Loud and Clear: Voice Interfaces Form New Battleground

Smart Listening Hubs Are Taking Centre Stage


In 2013, CCS Insight predicted that user interfaces powered by speech would soon become a common way of interacting with ordinary products in the home and other environments, ultimately shifting consumers’ behaviour and their expectations of devices. For many people, voice interactions have moved from awkward to natural thanks to improvements in the accuracy of interpretation and the usefulness of voice commands.

Professor Andrew Ng, chief scientist at Chinese tech company Baidu, describes this neatly here.

The announcement of Google’s new smart hub called Home wasn’t much of a surprise at the company’s I/O developer conference last week. There had been rumours, but it was an obvious development. Amazon’s Echo device, introduced in 2015, has been establishing itself as the centre of millions of households. It doesn’t just help with shopping on Amazon — it can also take commands to stream music through a built-in speaker, and retrieve information from the Internet, responding to basic search queries.

In other words, Amazon placed a voice-activated search engine in the living room and has since launched the Echo Dot and the portable Amazon Tap as ways of extending its reach around the house. It’s clear encroachment into Google’s core business, which hopes to place its own search service into the centre of every house and eventually every room.

Those who have tried Amazon Echo know that its search can be a bit hit-or-miss. Nonetheless, it has become an essential extension in many homes, almost reaching family-member status. It can turn off the lights at night and wake the children in the morning. It’s a real utility.

Amazon has cleverly sought to expand Alexa’s skills — the artificial intelligence behind Amazon Echo — and turn it into a true platform by launching a $100 million fund to encourage developers to work with the company. The results were clear at International CES 2016, where many exhibitors had an Amazon Echo device on their stand for doing demos of their products working with a voice user interface.
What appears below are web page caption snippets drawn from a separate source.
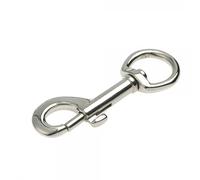 Eliza Tinsley 3inch Nickel Plated Swivel Harness Snap Hook (10) 3inch Nickel Plated Swivel Harness Snap Hook (10)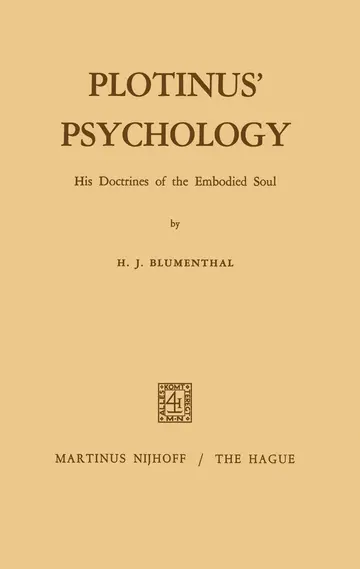 Cover of Plotinus’ Psychology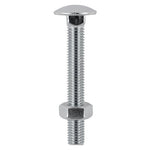 TIMCO Carriage Bolts DIN603 & Hex Full Nut DIN934 A2 Stainless Steel - M12 x 100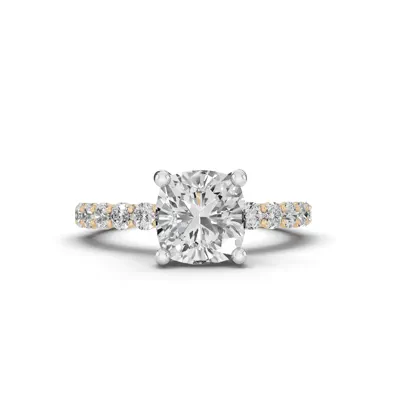 Sculpted Heart Lab Diamond Engagement Ring (.50 ct. tw.)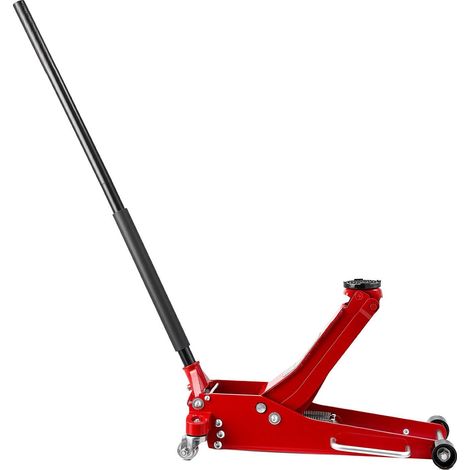Cric hydraulique extra-plat 3 tonnes en aluminium avec pompe à levage rapide pour voitures de sport, berlines et SUV, plage de 85 à 515 mm. (1/5)
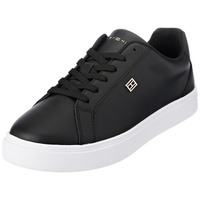 Tommy Hilfiger Damen Court-Sneaker Schuhe, Schwarz (Black), 37 EU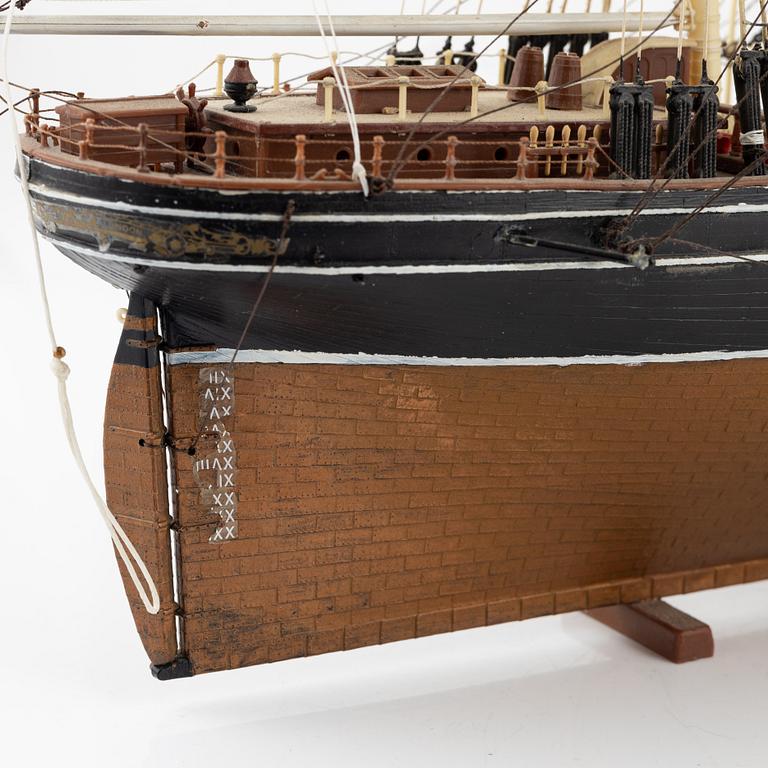 Cutty Sark model ship, latter half of the 20th century.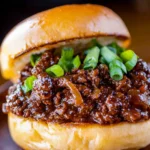 Korean Beef Sloppy Joes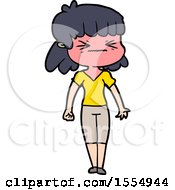 Cartoon Angry Girl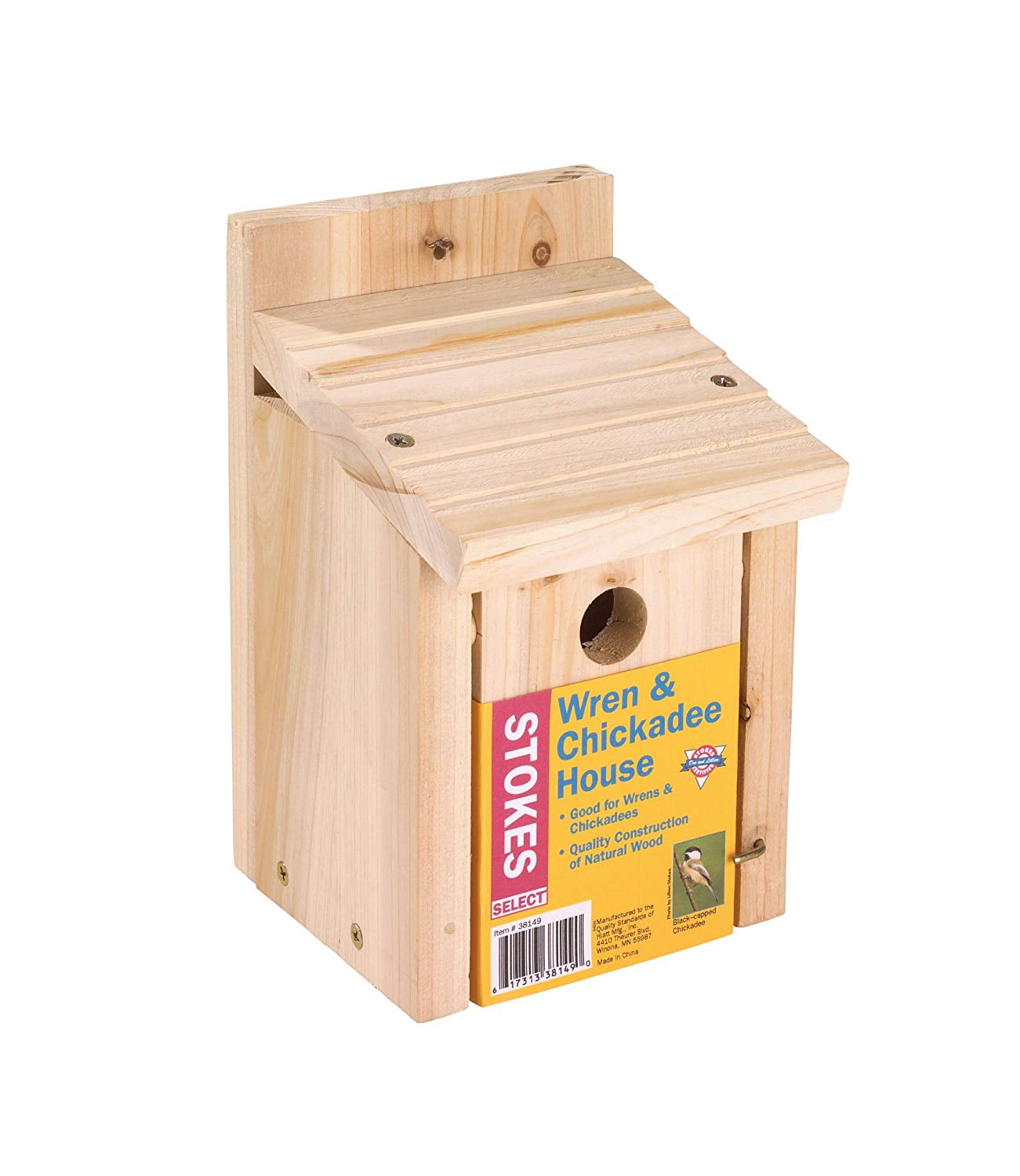 100% FSC Wren Bird House scatola Birdhouse-in legno W APEX BITUME TETTO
We know that no matter how big the market gets, there tends to be a very limited number of platforms that it will support. Though well over a billion smartphones are sold each year, the real choice is between two operating systems. The massive number of computers and game consoles in use doesn’t translate to platform variety. This has a lot to do with the ability and willingness of developers and content providers to make their apps and content available in multiple versions.

Amazon Echo and Google Home are exposing gaps in other companies’ portfolios, so it’s not surprising to hear rumours about more hubs from big players. For example, if Apple has Siri, why doesn’t the company put that digital assistant in an attractive self-contained box that can fit into a living room?

And digital assistants are becoming a busy area that goes beyond voice. Many other players who have developed personal assistants powered by artificial intelligence are working with voice or text input linked to their messaging services. These include Baidu, Facebook, IBM, Kik, Microsoft, Nuance and Samsung, as well as open-source options. Facebook and Microsoft both launched bot frameworks at their developer conferences, and Kik has recently introduced an app store for its bots.

We’re not just in a post-PC era but approaching a post-smartphone age as well, and there are signs that people are ready to move on from a single app per device as the main form of interaction. Devices around us will listen, learn, react, assist and predict.

The utility here is clear. CCS Insight has been encouraging device makers of all types to prepare for a time when interactions are so natural that silicon and software are replaced by personality and charm, at least as far as the user is concerned. We envision this going much further than obedient ovens and dutiful washing machines. Manufacturers who are busy developing individual apps for their newly connected devices need to start looking at voice as a new way of working. Voice isn’t just the new user interface, it’s the new buttons and knobs.

Last week, a new product battleground began in earnest, although there is a more important platform battle as the bigger prize. This is a tangent point between artificial intelligence, natural user interfaces and aesthetics, all powered by connectivity to the cloud with artificial intelligence behind the scenes. We expect several players to enter this market during the coming year, though only a few have what it takes to get all the pieces together.